Tous les pratiquants de tous les véhicules sont forcément altruistes d'une manière ou d'une autre parce que toute école insiste sur le développement des 4 infinis: metta, karuna, mudita et upeksha.
Pour répondre à la question importante de Ted, c'est vrai qu'on confond souvent ego et egocentrisme, saisie du soi et attachement au moi, etc.: l'ego (ou saisie du soi) est la vue erronée de notre propre identité personnelle, l'ignorance afflictive. Son antidote est la sagesse du non-soi.
Par contre cette sagesse du non-soi n'est pas l'antidote à l'égocentrisme (pas tout à fait appelé "attachement au moi" chez les Tibétains, mais presque: le fait de "saisir un chérissement de soi"), sinon n'importe quel Arhat développerait immédiatement l'esprit d'Eveil. Donc l'antidote à l'egocentrisme est l'atruisme, et l'altruisme le plus vaste: l'esprit d'Eveil.
Attention, quand on parle d'egocentrisme, ça pourrait être mal compris, comme dans le stéréoptype dénoncé par Tirru au travers de sa citation (je n'ai pas encore lue en entier): ce n'est pas "après moi le déluge", c'est juste que fondamentalement l'être humain est altruiste (voir la vidéo "Vers un monde altruiste ?" qui résume une partie du magistral
Plaidoyer por l'altruisme de Matthieu Ricard), mais que cet altruisme manque d'impartialité, alors les pratiques bouddhistes permettent de renforcer cet altruisme en le rendant impartial (les 4 évoqués plus haut). Pour les écoles mahayanistes, cependant, tant qu'on n'a pas cultivé l'esprit d'Eveil, on manque d'un type particulier d'altruisme: celui qui veut qu'on prenne en charge soi-même le bonheur définitif de tous les êtres, donc à ce titre on a ce type spécifique d'egocentrisme: son antidote est donc l'esprit d'Eveil altruiste.

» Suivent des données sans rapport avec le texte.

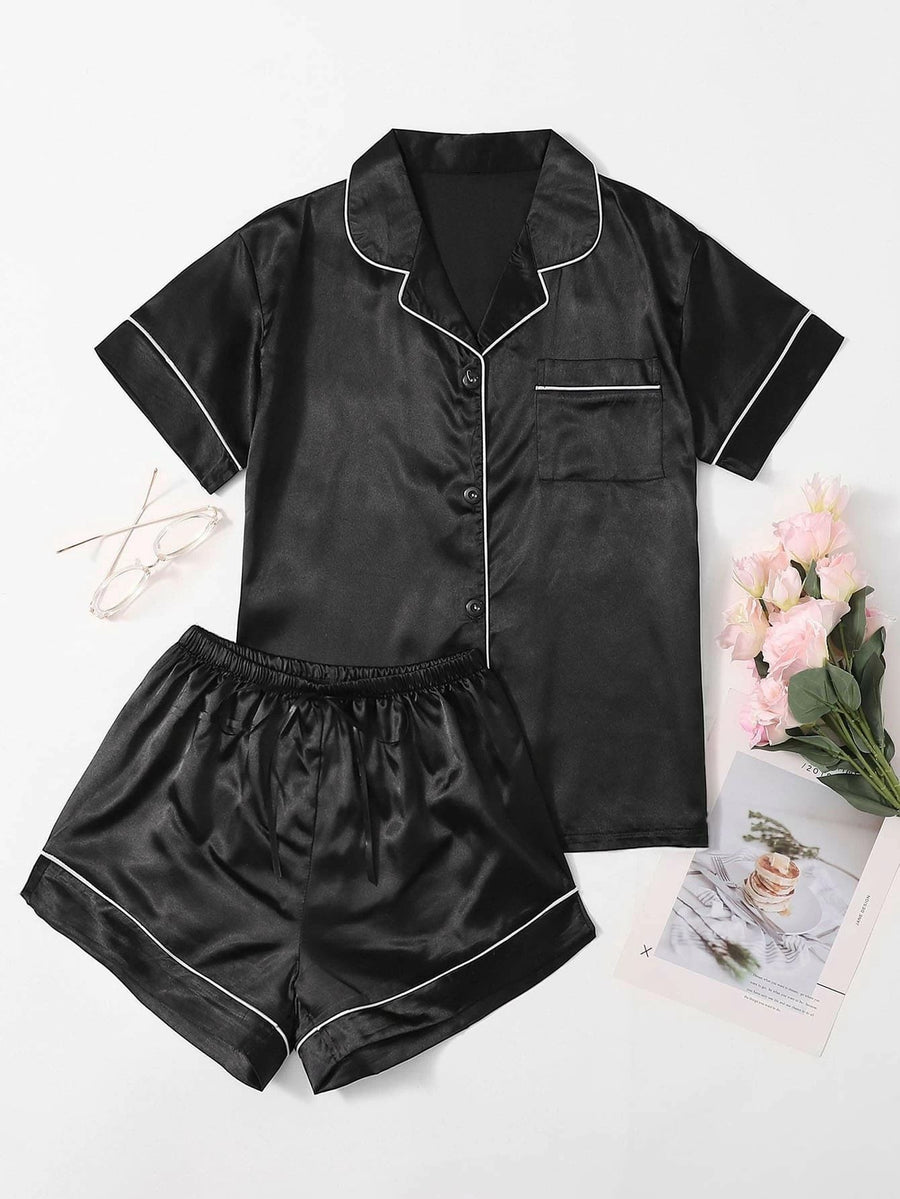 Valerie Women’s Contrast Pipping Satin Short PJ Set /Nightdress Silky/ Night Suit For Women’s - Oshi.pk - Buy & Sell Online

Bref, tous les "nirvanés", quels que soient les véhicules respectifs, réalisent forcément la même vue juste du non-soi subtil, mais ce qui fait qu'ils obtiennent des fruits différents c'est le vaste: les mérites. La sagesse du non-soi est l'antidote à l'ego (
satkayadrishthi) et l'esprit d'Eveil est l'antidote à l'egocentrisme (non pas d'être attaché au moi, mais le simple fait de ne pas s'être habitué à prendre en charge le nirvana de tous les êtres).
Pour les autres écoles que prasangika, les mérites ne sont pas le seul curseur pour déterminer des fruits distincts car la vue aussi fait partie du curseur: ces écoles autres que prasangika envisagent des niveaux différents de non-soi réalisé pour éliminer le voile afflictif [-> Shravaka Arhat] puis le voile cognitif (entièrement [->Eveil final des bodhisattvas: état de samyak-sambuddha] ou pas [-> Pratyeka-buddha]).